Dinner Honorees
Connie Rice
Constance L. “Connie” Rice is a prominent American civil rights activist and lawyer. She is also the co-founder and co-director of the Advancement Project in Los Angeles. She has received more than 50 major awards for her work in expanding opportunity and advancing multi-racial democracy.
Stewart Kwoh
Stewart Kwoh is the founding President and Executive Director of Asian Americans Advancing Justice | Los Angeles (formerly known as the Asian Pacific American Legal Center).
Kwoh is a nationally recognized leader and expert in race relations, Asian American studies, nonprofit organizations and philanthropies, civil rights, and legal services. He was named a MacArthur Foundation Fellow in 1998, becoming the first Asian American attorney and human rights activist to receive this highly prestigious recognition, often referred to as the “genius grant.”
In 1983, Kwoh co-founded Asian Americans Advancing Justice | Los Angeles, the nation’s largest Asian American legal and civil rights organization that serves more than 15,000 individuals and organizations every year. Advancing Justice | Los Angeles’s mission is to advocate for civil rights, provide legal services and education, and build coalitions to positively influence and impact Asian Americans, Native Hawaiians, and Pacific Islanders (NHPI) and to create a more equitable and harmonious society. The organization provides direct services to individual clients; engages in policy advocacy, research and analysis; litigates impact lawsuits; and provides social change-based leadership training. Advancing Justice | Los Angeles has successfully challenged garment sweatshops, English-only workplace policies, racially discriminatory employment practices and unfair immigration laws as well as advocated for stronger protections for low-wage workers, limited-English-speaking immigrants, and hate crime victims.
Under Kwoh’s leadership, Advancing Justice | Los Angeles has become a leading advocate for Asian American and NHPI communities while working to build bridges with African American, Latino, and lesbian, gay, bisexual and transgender communities.

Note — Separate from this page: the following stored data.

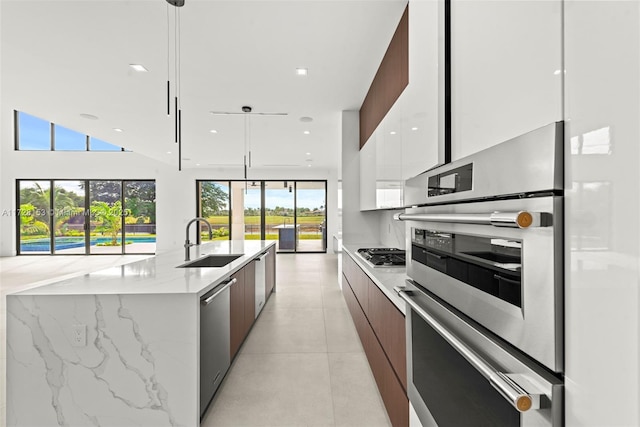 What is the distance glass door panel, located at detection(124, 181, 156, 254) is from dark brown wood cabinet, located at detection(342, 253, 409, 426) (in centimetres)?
938

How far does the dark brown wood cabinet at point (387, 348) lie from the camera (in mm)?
1532

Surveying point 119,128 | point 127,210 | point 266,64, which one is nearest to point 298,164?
point 119,128

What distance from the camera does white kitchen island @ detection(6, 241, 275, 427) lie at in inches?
68.3

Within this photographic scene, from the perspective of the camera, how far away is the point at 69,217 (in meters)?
9.55

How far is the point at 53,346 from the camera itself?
1.74 meters

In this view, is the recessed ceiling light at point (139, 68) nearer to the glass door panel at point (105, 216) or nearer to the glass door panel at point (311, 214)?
the glass door panel at point (311, 214)

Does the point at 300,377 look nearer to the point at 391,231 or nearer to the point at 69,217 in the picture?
the point at 391,231

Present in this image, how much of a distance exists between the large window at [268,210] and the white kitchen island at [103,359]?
872cm

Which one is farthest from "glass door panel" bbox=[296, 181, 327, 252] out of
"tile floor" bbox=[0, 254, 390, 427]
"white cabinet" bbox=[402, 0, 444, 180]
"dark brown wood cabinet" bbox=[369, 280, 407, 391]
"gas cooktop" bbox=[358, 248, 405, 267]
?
"white cabinet" bbox=[402, 0, 444, 180]

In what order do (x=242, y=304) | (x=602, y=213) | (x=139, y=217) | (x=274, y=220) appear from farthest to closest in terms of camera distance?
(x=274, y=220) < (x=139, y=217) < (x=242, y=304) < (x=602, y=213)

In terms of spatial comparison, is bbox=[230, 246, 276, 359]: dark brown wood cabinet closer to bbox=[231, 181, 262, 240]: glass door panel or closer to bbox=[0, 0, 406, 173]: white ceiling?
bbox=[0, 0, 406, 173]: white ceiling

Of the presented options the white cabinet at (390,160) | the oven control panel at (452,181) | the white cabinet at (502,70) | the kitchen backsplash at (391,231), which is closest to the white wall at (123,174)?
the kitchen backsplash at (391,231)

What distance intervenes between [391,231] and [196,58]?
9.43 ft

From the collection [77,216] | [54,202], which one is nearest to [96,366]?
Result: [77,216] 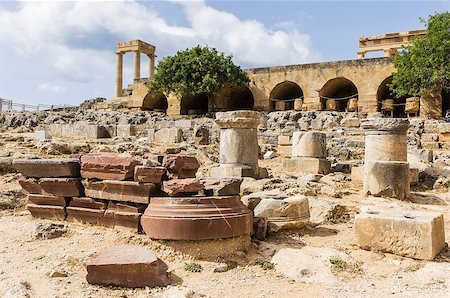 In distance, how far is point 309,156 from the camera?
12039mm

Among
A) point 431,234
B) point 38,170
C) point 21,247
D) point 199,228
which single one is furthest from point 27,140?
point 431,234

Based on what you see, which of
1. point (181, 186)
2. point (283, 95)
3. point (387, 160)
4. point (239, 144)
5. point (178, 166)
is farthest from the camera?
point (283, 95)

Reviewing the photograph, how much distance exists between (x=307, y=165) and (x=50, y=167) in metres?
7.40

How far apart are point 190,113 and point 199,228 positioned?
25.9 metres

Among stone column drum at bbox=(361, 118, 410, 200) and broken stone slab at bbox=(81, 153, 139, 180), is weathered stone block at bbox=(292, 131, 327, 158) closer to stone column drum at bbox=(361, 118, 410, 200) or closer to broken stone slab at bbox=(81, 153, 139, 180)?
stone column drum at bbox=(361, 118, 410, 200)

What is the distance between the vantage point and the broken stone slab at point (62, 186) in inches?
234

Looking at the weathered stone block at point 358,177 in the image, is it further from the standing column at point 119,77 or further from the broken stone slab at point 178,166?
the standing column at point 119,77

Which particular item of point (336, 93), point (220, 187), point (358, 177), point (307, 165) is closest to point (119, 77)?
point (336, 93)

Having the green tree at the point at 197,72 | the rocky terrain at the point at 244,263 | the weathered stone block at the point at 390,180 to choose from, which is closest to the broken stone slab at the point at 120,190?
the rocky terrain at the point at 244,263

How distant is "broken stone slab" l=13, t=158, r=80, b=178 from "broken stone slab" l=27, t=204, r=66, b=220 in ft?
1.41

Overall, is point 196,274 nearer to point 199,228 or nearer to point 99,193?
point 199,228

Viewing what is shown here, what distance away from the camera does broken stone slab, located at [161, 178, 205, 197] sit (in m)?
5.21

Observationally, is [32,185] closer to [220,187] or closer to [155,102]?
[220,187]

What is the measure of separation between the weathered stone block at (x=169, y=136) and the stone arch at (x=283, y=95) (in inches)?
449
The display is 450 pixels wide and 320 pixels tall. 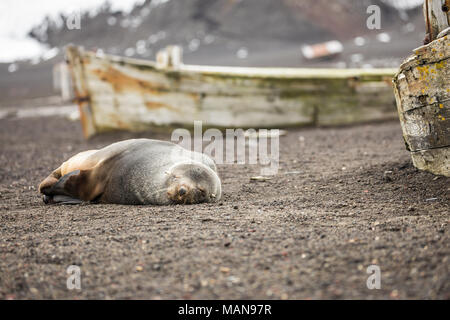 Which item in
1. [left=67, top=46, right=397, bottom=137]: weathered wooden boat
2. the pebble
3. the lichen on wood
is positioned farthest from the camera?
[left=67, top=46, right=397, bottom=137]: weathered wooden boat

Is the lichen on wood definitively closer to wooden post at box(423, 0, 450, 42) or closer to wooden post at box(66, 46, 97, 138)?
wooden post at box(423, 0, 450, 42)

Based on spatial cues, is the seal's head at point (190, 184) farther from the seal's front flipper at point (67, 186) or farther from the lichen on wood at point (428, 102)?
the lichen on wood at point (428, 102)

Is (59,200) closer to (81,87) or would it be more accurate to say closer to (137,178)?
(137,178)

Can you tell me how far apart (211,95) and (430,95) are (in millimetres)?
4812

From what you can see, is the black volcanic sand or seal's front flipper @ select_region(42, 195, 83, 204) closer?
the black volcanic sand

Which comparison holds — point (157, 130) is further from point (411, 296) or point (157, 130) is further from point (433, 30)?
point (411, 296)

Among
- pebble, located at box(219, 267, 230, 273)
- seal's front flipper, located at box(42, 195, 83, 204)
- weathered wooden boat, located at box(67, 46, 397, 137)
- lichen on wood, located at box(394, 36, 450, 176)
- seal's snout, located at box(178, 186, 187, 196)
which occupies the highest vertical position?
weathered wooden boat, located at box(67, 46, 397, 137)

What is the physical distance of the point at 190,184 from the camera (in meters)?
4.16

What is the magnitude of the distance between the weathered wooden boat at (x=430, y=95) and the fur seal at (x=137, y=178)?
166cm

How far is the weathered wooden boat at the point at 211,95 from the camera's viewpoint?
834 cm

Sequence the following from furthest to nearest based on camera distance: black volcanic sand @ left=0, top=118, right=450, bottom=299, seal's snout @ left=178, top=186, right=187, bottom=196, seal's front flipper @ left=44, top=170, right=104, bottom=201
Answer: seal's front flipper @ left=44, top=170, right=104, bottom=201 → seal's snout @ left=178, top=186, right=187, bottom=196 → black volcanic sand @ left=0, top=118, right=450, bottom=299

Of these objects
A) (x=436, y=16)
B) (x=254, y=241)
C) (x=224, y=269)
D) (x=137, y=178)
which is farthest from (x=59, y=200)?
(x=436, y=16)

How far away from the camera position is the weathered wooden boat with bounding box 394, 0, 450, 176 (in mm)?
3812

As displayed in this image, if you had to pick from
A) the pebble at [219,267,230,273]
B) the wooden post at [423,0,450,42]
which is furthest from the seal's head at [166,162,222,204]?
the wooden post at [423,0,450,42] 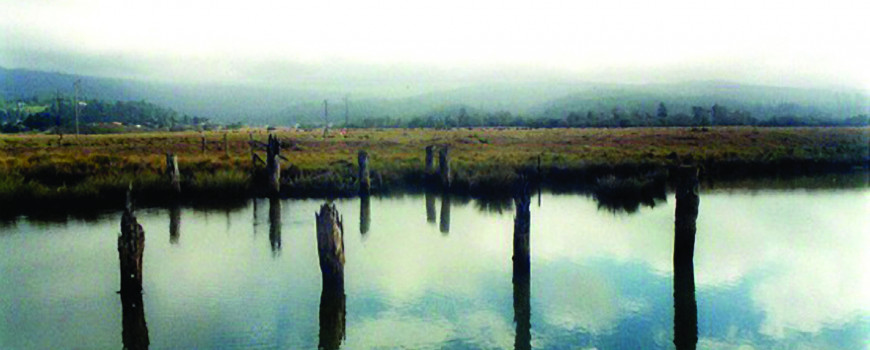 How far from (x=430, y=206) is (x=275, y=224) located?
20.6ft

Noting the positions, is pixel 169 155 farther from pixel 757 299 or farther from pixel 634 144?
pixel 634 144

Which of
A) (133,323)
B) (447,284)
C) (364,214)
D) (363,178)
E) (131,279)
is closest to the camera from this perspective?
(133,323)

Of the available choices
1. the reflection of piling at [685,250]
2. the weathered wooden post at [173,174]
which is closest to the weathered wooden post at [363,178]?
the weathered wooden post at [173,174]

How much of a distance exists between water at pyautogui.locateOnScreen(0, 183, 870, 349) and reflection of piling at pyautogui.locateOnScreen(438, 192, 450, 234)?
0.54 feet

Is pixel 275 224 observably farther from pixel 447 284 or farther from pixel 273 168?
pixel 447 284

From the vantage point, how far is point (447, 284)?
15.1 meters

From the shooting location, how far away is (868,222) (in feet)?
74.6

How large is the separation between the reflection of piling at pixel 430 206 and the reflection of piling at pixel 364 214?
73.9 inches

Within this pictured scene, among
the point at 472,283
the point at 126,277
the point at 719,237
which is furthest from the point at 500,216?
the point at 126,277

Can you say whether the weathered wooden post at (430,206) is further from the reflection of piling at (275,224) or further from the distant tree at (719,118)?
the distant tree at (719,118)

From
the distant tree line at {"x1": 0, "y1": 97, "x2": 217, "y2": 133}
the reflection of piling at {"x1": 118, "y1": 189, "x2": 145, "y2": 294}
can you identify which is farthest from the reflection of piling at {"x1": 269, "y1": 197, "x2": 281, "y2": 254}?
the distant tree line at {"x1": 0, "y1": 97, "x2": 217, "y2": 133}

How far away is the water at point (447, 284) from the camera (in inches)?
476

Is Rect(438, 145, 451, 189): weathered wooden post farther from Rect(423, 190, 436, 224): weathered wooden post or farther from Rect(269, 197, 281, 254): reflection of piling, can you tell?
Rect(269, 197, 281, 254): reflection of piling

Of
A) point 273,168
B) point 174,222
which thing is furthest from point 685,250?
point 273,168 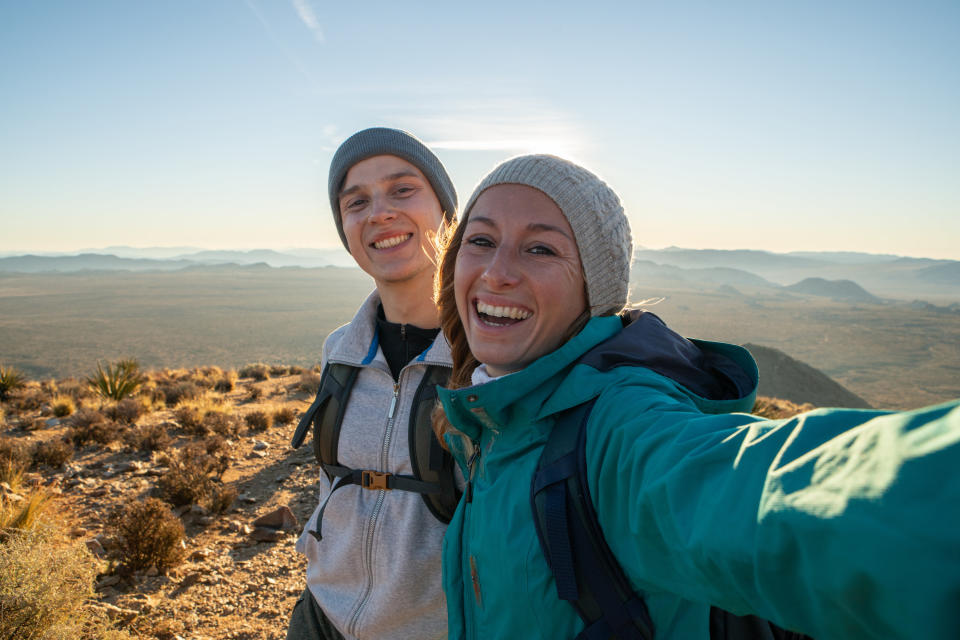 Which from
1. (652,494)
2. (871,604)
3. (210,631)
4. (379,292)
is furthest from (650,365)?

Kwoh earned his bachelor’s degree from University of California, Los Angeles and his J.D. from the UCLA School of Law.
John Lim
John Lim is the co-founder and Managing Partner of Lim, LimNexus LLP, a leading minority-owned corporate boutique firm with offices in Los Angeles and San Francisco. As a corporate lawyer since 1982, John has represented clients including Fortune 500 and Global 1000 companies, financial institutions, governmental entities, private equity funds, commercial developers and institutional investors in all facets of corporate, real estate and financing transactions. John has handled a broad range of sophisticated transactions encompassing major commercial projects, complex real estate loans, asset-based loans, syndicated loans, securitized debts, EB-5 equity and debt transactions and other creative financing deals involving cutting-edge technology. In addition, he regularly advises emerging high tech ventures as outside general counsel.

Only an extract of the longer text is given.